Salah satu tonggak yang ditengarai oleh sosiolog adalah lahirnya revolusi industri di abad 19 yang membuat masyarakat tradisional yang sebelumnya memiliki imaginasi dan peran sosial yang terwariskan turun temurun berubah menjadi masyarakat modern yang memiliki imaginasi dan peran sosial yang harus dicari dan diperebutkan. Revolusi industri saat ini sudah memasuki generasi yang keempat atau kelima yang membuat masyarakat makin mungkin terpecah belah. Maka, diperlukan kesadaran baru untuk memahami realita. Bagaimanapun, upaya untuk melihat yang baik sebagai baik dan yang buruk sebagai buruk tetaplah harus dipertahankan. Dalam hal inilah, literasi dan pola berpikir kritis semakin diperlukan, meski kian diabaikan.
Masyarakat Post-Truth
Bersamaan dengan makin berpengaruhnya pemberitaan media massa non-mainstream, dikenallah apa yang disebut sebagai post truth society. Hal ini menunjuk kepada situasi di mana masyarakat tidak lagi tertarik kepada kebenaran obyektif. Kebenaran bagi mereka adalah kebenaran yang menguntungkan atau membenarkan dirinya atau kelompoknya. Di dalam situasi inilah kita lalu bisa memahami betapa absurbnya situasi di masyarakat kita. Terdapat orang-orang yang antusias mengirimkan berita-berita bombastis yang menjelekkan agama atau kelompok lain. Apakah halnya benar atau tidak, orang tidak peduli.

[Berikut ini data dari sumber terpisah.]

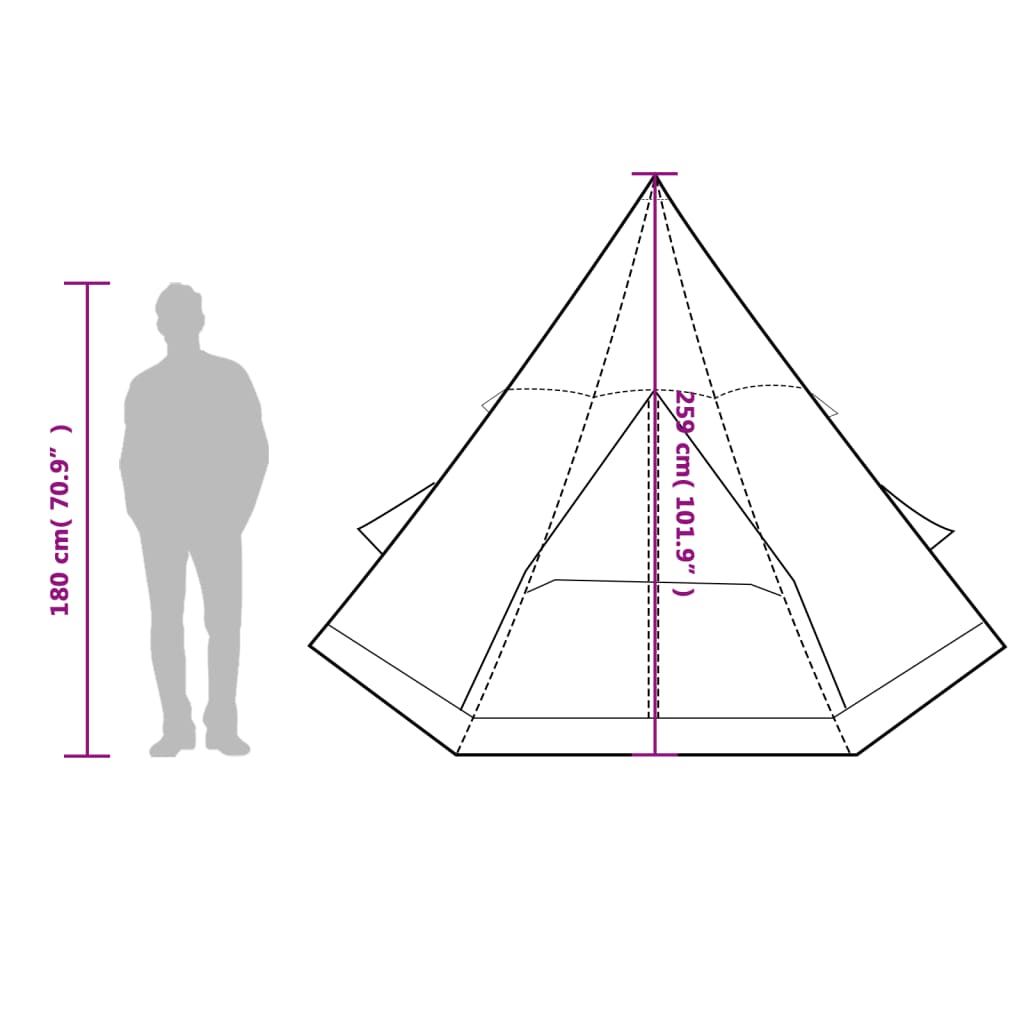 vidaXL Namiot turystyczny, tipi, 4-os., niebieski, wodoszczelny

Pola algoritma internet yang memungkinkan orang untuk hanya mengakses tema-tema yang suka dia akses (Epistemic Bubble), dan fakta adanya orang-orang yang menggaungkan berita tertentu secara bombastis guna menghindarkan orang dari berita yang benar (Echo Chamber), membuat orang terhubung dengan orang dengan keyakinan yang sama. Di sana tidak ada sikap kritis karena suatu klaim, meskipun salah, tetap didukung. Hal ini senada dengan ungkapan yang mengatakan, "Kesalahan yang dikatakan berulang-ulang oleh banyak orang akan dianggap sebagai kebenaran."
Literasi Dasar
Situasi masyarakat yang jatuh di dalam post truth sangat mencemaskan karena bisa saja berakibat fatal dalam bentuk berbagai macam permasalahan. Hal itu bisa dimulai dari pertengkaran di dalam keluarga, teman-teman di sekolah, di kampung sampai dengan konflik antar kelompok masyarakat. Sayangnya, kedua kelompok yang bertikai belum tentu benar karena bisa saja dimanipulasi oleh logika internet. Hal ini mirip dengan logika gossip di mana kedua kelompok memiliki kebenarannya masing-masing.

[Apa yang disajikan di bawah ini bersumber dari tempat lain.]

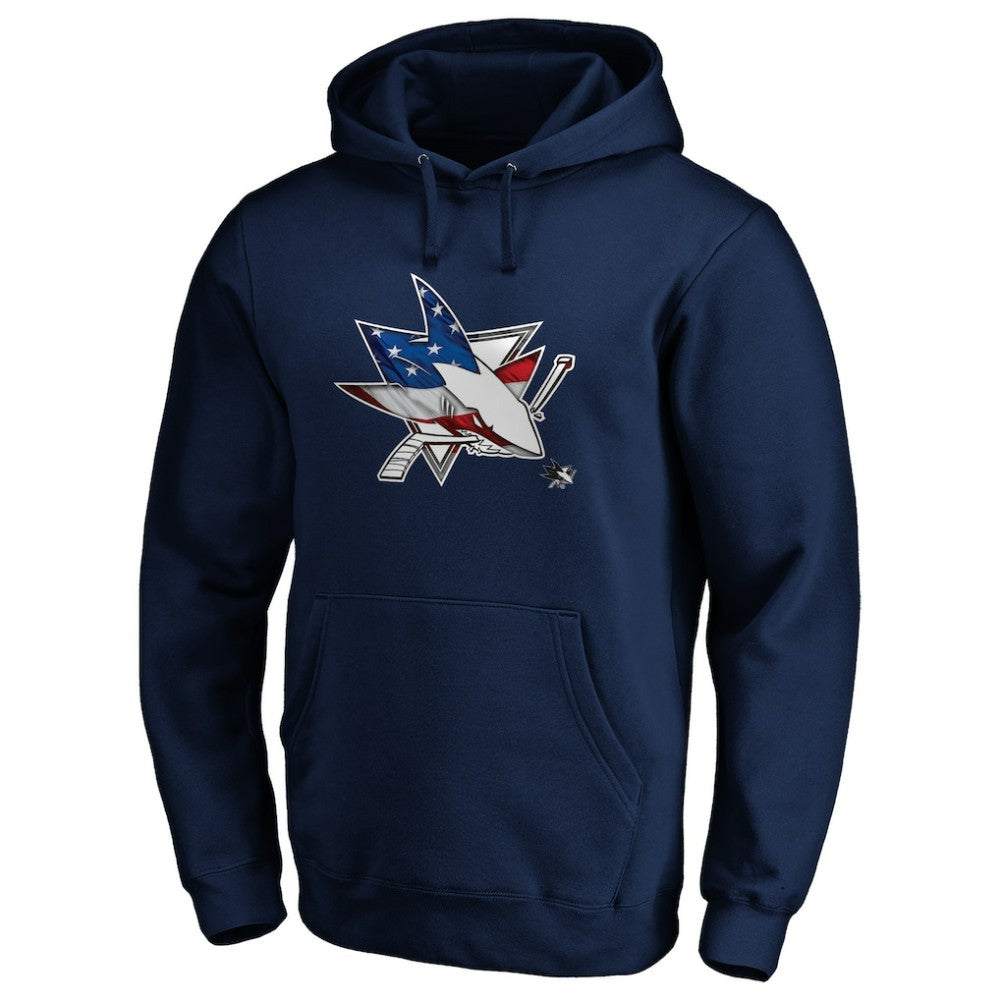 NHL Navy San Jose Sharks Banner Wave Logo Pullover Hoodie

Internet bisa diibaratkan sebagai senjata. Dalam hal ini, perlu disadari bahwa senjata itu adalah alat di tangan manusia. Hukum umum yang berlaku adalah "Manusia adalah tuan atas senjata yang dipegangnya." Namun, bisa saja, tanpa ada kontrol, senjata menjadi tuan atas manusia. Internet bisa saja menentukan pilihan-pilihan tindakan manusia dan membuatnya tidak masuk akal. Dalam hal ini, orang perlu membiasakan diri dengan "Kemampuan Bertanya" menggunakan metode 5W1H (What, when, where, why, who dan How β Apa, kapan, di mana, mengapa, siapa, dan bagaimana). Kemampuan ini memungkinkan orang untuk menimbang suatu hal itu benar atau salah. Dalam menimbang suatu hal, orang tidak boleh hanya dikontrol oleh perasaan tetapi oleh kenyataan. Dalam hal ini, berlakulah semangat, "kebenaran bisa ditunda, tetapi tidak bisa dihapus."
Mewariskan Imaginasi Persaudaraan
Negeri ini tetap bertahan karena imaginasi tentang Gotong Royong yang dirumuskan oleh Bung Karno sebagia warisan generasi masyarakat yang sudah ada sebelumnya. Sampai hari ini, kita bersyukur atas generasi tersebut yang membuat bangsa ini lebih mudah menjaga persatuan dan persaudaraan di berbagai tingkatannya.
Kini, masyarakat kita sedang ada di persimpangan. Model berpikir yang memecah belah masyarakat mulai menjadi budaya sehingga konflik-konflik mulai dianggap biasa baik di tingkat lokal maupun di tingkat nasional. Pertanyaannya, apakah model ini yang akan kita wariskan kepada generasi berikut? Semoga tidak! Di sinilah kita memahami betapa menentukannya apa yang dikerjakan oleh generasi ini.
Semoga saja, warisan kemampuan bertanya dan menolak dipecah belah mencirikan warisan generasi ini. Semoga anak cucu dan generasi setelah kita berterima kasih karena di persimpangan ini, generasi kita berhasil melewati ujian zaman.